*To do:*
Before anything else, drop the pictures; then return exactly the lines from the top of the listing through the line with "Elara™ Abaya Pleated Cape Set".

*Available data:*
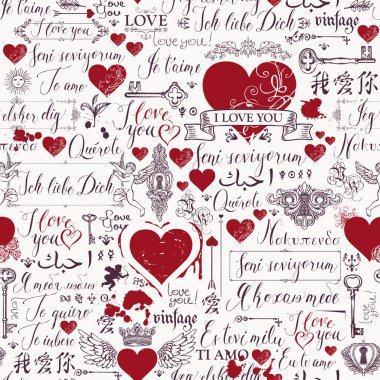 Vektör sorunsuz arka plan kırmızı kalpler, anahtarlar, anahtar delikleri, tanrılarının ve aşk Tema letterings ile. Retro tarzı aşk beyanları farklı dillerde yazılmış el ile arka plan.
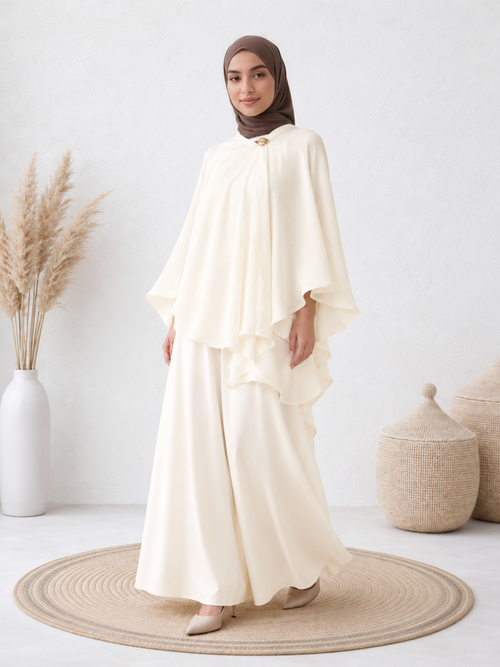 Elara™ Abaya Pleated Cape Set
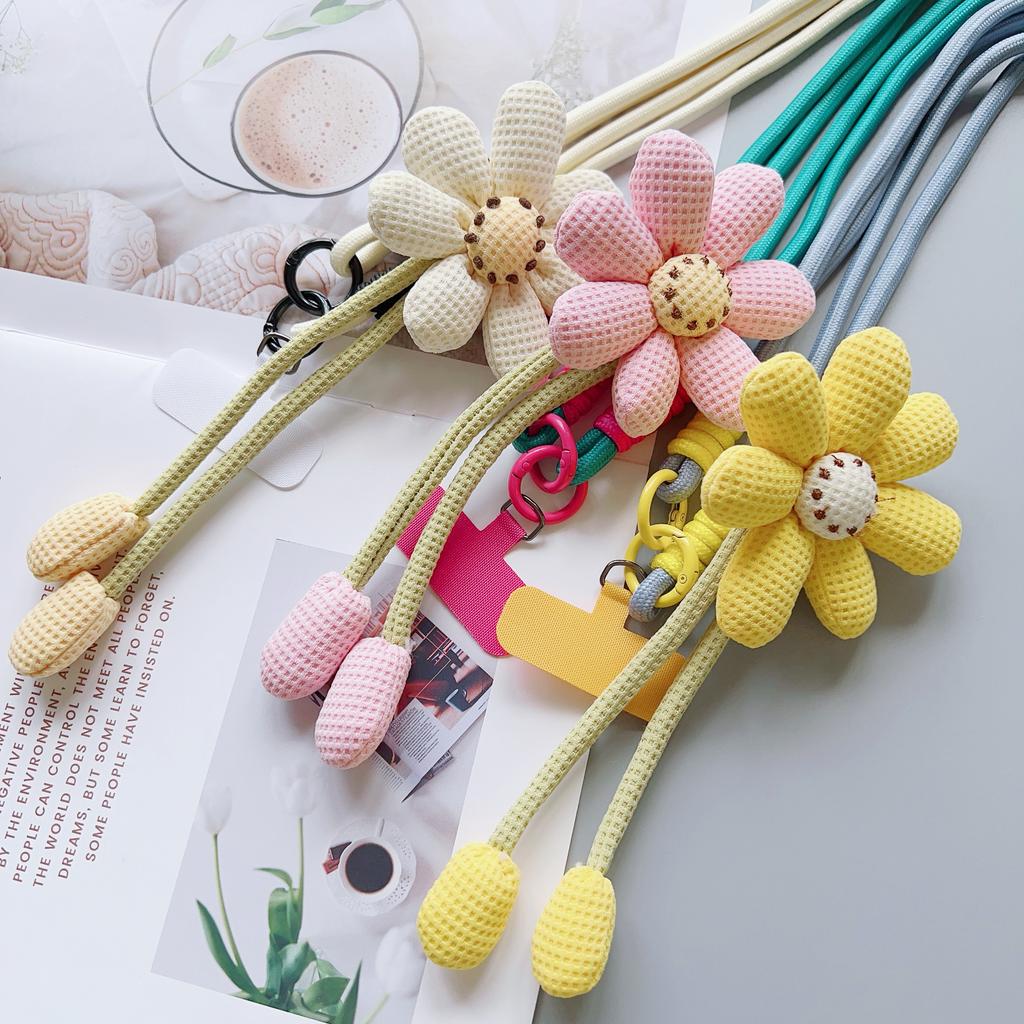 Reines Handgewebtes Universelles Handy-Lanyard, Langes Crossbody-Lanyard, Modischer Sonnenblumen-Anhänger, Verdicktes Lanyard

*Response:*
 Vektör sorunsuz arka plan kırmızı kalpler, anahtarlar, anahtar delikleri, tanrılarının ve aşk Tema letterings ile. Retro tarzı aşk beyanları farklı dillerde yazılmış el ile arka plan.
 Elara™ Abaya Pleated Cape Set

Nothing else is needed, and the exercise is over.